TASK BRIEF: What follows is a set of records, each of which is to be written out exactly.

RECORDS FOR THE EXERCISE:
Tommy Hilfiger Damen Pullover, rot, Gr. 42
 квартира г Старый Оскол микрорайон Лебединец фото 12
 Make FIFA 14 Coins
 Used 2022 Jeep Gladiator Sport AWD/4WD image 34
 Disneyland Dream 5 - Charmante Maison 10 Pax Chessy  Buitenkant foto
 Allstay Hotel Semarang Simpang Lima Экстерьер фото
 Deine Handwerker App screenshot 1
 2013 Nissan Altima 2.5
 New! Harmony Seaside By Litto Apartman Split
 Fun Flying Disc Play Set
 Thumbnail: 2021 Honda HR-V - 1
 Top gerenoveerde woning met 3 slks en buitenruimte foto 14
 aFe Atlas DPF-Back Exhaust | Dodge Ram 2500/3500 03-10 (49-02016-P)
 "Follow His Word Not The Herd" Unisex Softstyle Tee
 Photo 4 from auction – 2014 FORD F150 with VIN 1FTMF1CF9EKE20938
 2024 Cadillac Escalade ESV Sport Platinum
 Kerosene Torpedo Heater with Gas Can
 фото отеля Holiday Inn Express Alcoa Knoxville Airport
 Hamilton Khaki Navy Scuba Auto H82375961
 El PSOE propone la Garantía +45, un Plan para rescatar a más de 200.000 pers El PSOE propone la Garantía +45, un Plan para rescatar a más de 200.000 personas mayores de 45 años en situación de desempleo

SOLUTION:
Tommy Hilfiger Damen Pullover, rot, Gr. 42
 квартира г Старый Оскол микрорайон Лебединец фото 12
 Make FIFA 14 Coins
 Used 2022 Jeep Gladiator Sport AWD/4WD image 34
 Disneyland Dream 5 - Charmante Maison 10 Pax Chessy  Buitenkant foto
 Allstay Hotel Semarang Simpang Lima Экстерьер фото
 Deine Handwerker App screenshot 1
 2013 Nissan Altima 2.5
 New! Harmony Seaside By Litto Apartman Split
 Fun Flying Disc Play Set
 Thumbnail: 2021 Honda HR-V - 1
 Top gerenoveerde woning met 3 slks en buitenruimte foto 14
 aFe Atlas DPF-Back Exhaust | Dodge Ram 2500/3500 03-10 (49-02016-P)
 "Follow His Word Not The Herd" Unisex Softstyle Tee
 Photo 4 from auction – 2014 FORD F150 with VIN 1FTMF1CF9EKE20938
 2024 Cadillac Escalade ESV Sport Platinum
 Kerosene Torpedo Heater with Gas Can
 фото отеля Holiday Inn Express Alcoa Knoxville Airport
 Hamilton Khaki Navy Scuba Auto H82375961
 El PSOE propone la Garantía +45, un Plan para rescatar a más de 200.000 pers El PSOE propone la Garantía +45, un Plan para rescatar a más de 200.000 personas mayores de 45 años en situación de desempleo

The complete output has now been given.